■ AIM OF THE EXERCISE
Return each line in the records below that includes "show".

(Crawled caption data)
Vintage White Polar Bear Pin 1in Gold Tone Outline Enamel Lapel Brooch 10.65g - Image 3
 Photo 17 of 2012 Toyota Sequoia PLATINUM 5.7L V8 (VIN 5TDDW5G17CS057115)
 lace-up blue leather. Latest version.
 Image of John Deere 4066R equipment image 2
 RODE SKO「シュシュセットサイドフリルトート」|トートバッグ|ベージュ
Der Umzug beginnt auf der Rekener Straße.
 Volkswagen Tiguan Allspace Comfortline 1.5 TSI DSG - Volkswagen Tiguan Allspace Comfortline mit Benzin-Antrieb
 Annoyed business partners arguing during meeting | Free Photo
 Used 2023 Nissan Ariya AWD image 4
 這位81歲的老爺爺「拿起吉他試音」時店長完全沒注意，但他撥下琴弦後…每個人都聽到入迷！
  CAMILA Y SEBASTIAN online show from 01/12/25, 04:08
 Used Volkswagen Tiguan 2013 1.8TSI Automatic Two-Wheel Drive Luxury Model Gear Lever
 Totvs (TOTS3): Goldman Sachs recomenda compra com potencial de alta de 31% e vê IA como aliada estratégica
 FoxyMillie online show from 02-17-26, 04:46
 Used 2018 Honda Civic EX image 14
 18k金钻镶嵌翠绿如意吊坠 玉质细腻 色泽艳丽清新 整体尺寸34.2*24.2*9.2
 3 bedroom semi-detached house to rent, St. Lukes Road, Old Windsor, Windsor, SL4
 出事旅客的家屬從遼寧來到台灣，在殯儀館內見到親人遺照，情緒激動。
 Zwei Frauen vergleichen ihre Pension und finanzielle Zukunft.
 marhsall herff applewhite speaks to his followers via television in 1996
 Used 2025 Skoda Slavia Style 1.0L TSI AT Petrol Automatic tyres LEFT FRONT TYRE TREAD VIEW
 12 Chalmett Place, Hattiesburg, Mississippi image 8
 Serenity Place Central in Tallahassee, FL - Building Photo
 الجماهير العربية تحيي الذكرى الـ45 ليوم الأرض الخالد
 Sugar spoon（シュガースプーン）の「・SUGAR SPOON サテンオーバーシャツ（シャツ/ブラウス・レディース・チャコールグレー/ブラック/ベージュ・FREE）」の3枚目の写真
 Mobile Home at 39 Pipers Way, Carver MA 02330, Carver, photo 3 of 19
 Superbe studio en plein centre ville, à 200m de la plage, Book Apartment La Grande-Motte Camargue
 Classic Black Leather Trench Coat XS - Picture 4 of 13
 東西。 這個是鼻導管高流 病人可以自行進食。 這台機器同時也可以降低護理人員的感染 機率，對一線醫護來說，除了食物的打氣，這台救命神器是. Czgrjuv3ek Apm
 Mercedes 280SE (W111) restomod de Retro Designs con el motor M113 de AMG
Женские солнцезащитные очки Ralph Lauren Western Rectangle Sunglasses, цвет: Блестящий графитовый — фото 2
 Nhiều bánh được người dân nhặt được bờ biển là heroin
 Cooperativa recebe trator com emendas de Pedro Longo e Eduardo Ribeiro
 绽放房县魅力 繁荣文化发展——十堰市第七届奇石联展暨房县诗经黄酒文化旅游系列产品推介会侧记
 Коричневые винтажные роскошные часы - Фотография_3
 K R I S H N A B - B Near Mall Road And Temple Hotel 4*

■ RESPONSE TO THIS EXERCISE
  CAMILA Y SEBASTIAN online show from 01/12/25, 04:08
 FoxyMillie online show from 02-17-26, 04:46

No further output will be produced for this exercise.